Required work: When you reach the line with "Diocese of Saginaw" in the listing below, write out that line and every one after it exactly, and skip the pictures.
====== Input for this task
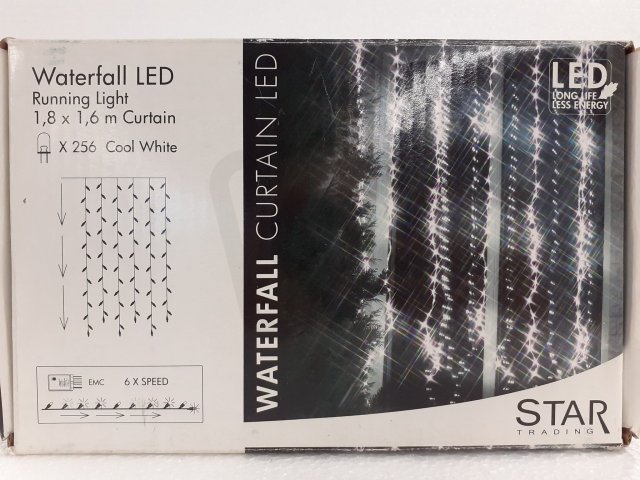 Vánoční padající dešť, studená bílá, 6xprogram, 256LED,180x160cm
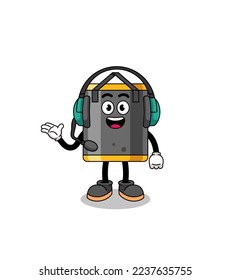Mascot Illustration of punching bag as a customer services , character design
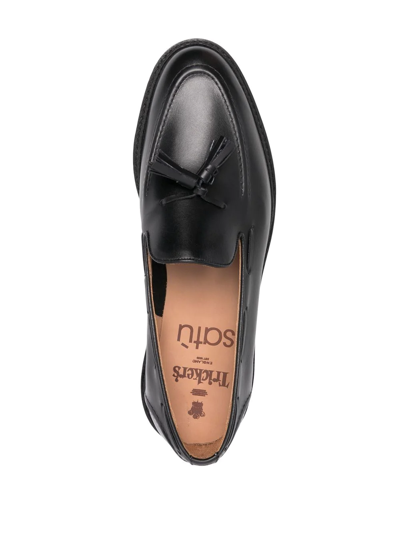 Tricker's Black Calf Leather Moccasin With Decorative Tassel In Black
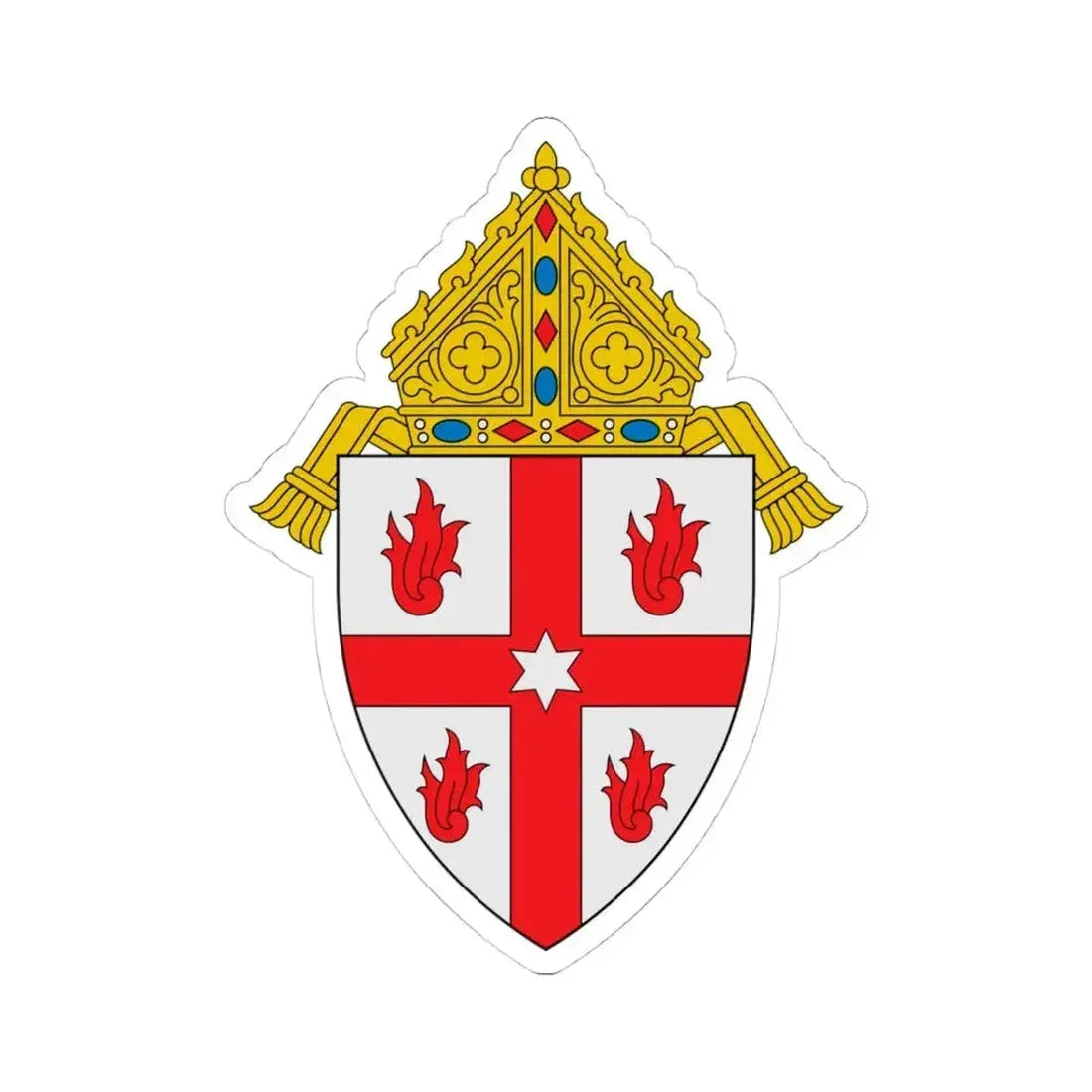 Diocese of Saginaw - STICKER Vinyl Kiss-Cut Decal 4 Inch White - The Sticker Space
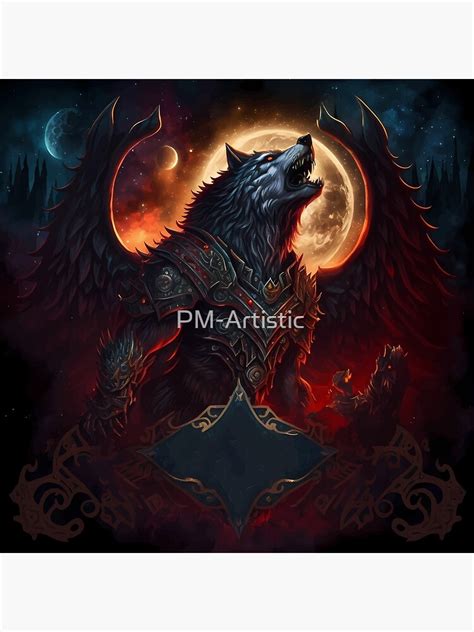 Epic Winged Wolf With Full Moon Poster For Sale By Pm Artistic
============
Written response:
 Diocese of Saginaw - STICKER Vinyl Kiss-Cut Decal 4 Inch White - The Sticker Space
 Epic Winged Wolf With Full Moon Poster For Sale By Pm Artistic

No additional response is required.